The Learning Project Approach
Small Class Sizes
Whole Child Development
At the center of The Learning Project’s pedagogical approach are three main ideas. One, that our small class sizes and low student-to-teacher ratio allow for highly individualized and flexible teaching. The pace and difficulty of material presented in core subjects, such as math, reading and writing, are tailored to each child’s needs, monitored closely, and adjusted as needed. Meeting the needs of all our students is accomplished through the “workshop model,” a methodology that uses mini-lessons, independent practice, as well as partner and small group work. The second underlying principle in our instructional approach is incorporating as many hands-on and active learning opportunities as possible. We believe that tapping into children’s higher level, critical thinking skills (application, analysis, evaluation, and creation) not only cement a child’s understanding, but also make learning increasingly interesting and relevant. While a seriousness of purpose is present in our classrooms, so too is the cultivation of the joy of learning, sparks of creativity, and pride in work well done. Finally, in all that we do, the growth of the whole child, not just academic growth, is central. We actively teach children how to develop a growth mindset, a healthy response to challenges, how to constructively work as a group, and other personal and interpersonal skills needed for scholastic success and success in life.

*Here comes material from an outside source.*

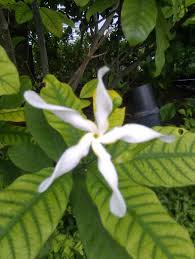 Image result for Tabernaemontana pachysiphon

The Learning Project does assign homework; the frequency and duration of assignments increases as the children get older. Homework, generally, is independent practice, and rarely involves the learning of new material. Homework helps children develop the study skills they will need in middle school and beyond, as well as reinforcing the new material they just learned.
The school embraces a value-added approach to technology, and integrates a variety of technology tools in the classroom in order to differentiate instruction and to teach critical 21st century skills. Each grade has iPads available for each child, and as the children get older, their use of technology during the day increases and becomes more sophisticated. Coding, robotics, music composition, photo editing, and varied applications in Google Suite are just some of the ways children get hands-on technology experience. This instruction is coupled with the school’s Thoughtful and Ethical Use of Technology curriculum, as we raise not only skilled, but socially and morally conscious technology users.
The Learning Project believes intentional and sequential curricula across subjects ensures continuity and progress during a student’s seven years. Curricular materials are continually evaluated for their rigor and the school deliberately selects curricula that include a diverse range of experiences and perspectives.
A benefit of having a set curriculum and supporting materials is that teachers can spend most of their planning time developing innovative ways to present material and creative opportunities for students to engage with topics and concepts. Likewise, teachers are able to focus on differentiating their instruction to meet the needs of all students.